WHAT NEEDS TO BE DONE: When you reach the line with "Premier Housewares To" in the listing below, write out that line and every one after it exactly, and skip the pictures.

=== Begin Enclosure ===

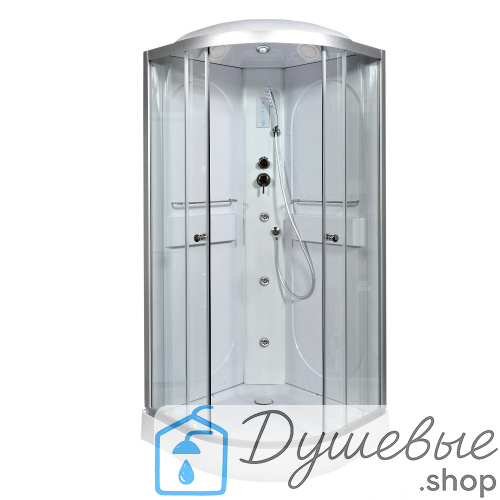 Душевая кабина AvaCan L608 с гидромассажем, 80×80 см, четверть круга, прозрачное стекло, крыша, универсальная.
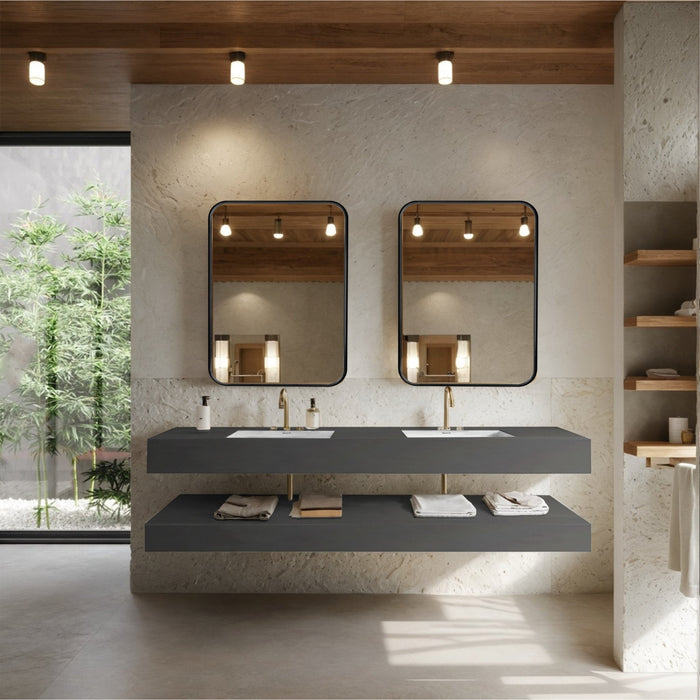 71“ Modern Bathroom Vanity, Seamless Stone Top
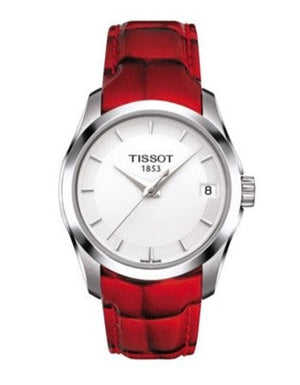 Tissot Couturier White Dial Red Leather Watch For Women - T035.210.16.011.01 Authentic Buy Shop Now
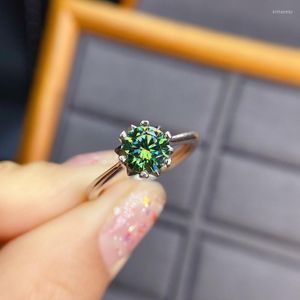 Cluster Rings Silver 925 Original Diamond Test Past Brilliant Cut 1 Green Moissanite Snowflake Ring For Teen Girls Gemstone JewelryCluster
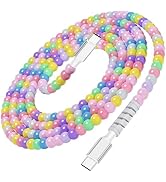 AHFYCIH 60W Beaded USB C to USB C Charger Cable 6FT Long for iPhone 17 Pro Max 16 15,45W 40W 3A P...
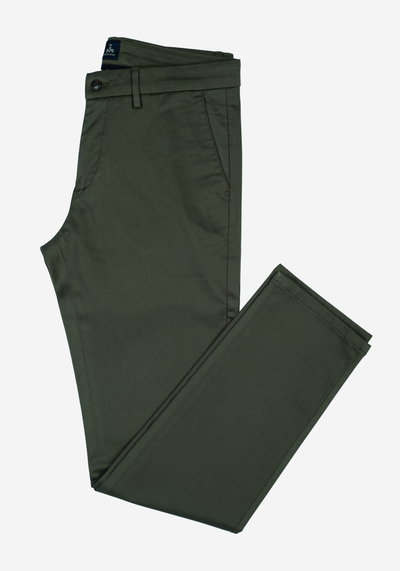 Contemporary Fit Dark Olive Gabardine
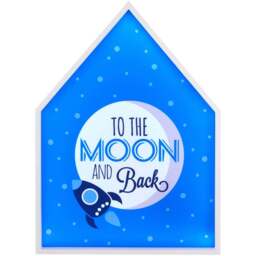 Premier Housewares To The Moon and Back LED Light Box - Size: 27 x 6 x 39cm - Blue - Wilko
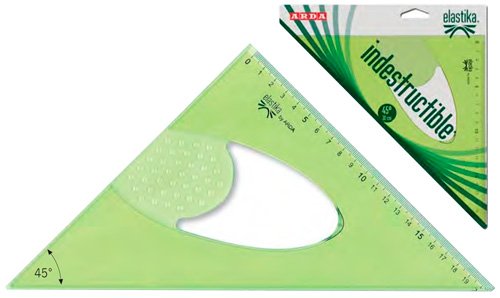 Arda EL4530 -  Squadra da 45°/30 cm, Plastica, Verde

=== End Enclosure ===

WRITTEN REPLY:
 Premier Housewares To The Moon and Back LED Light Box - Size: 27 x 6 x 39cm - Blue - Wilko
 Arda EL4530 -  Squadra da 45°/30 cm, Plastica, Verde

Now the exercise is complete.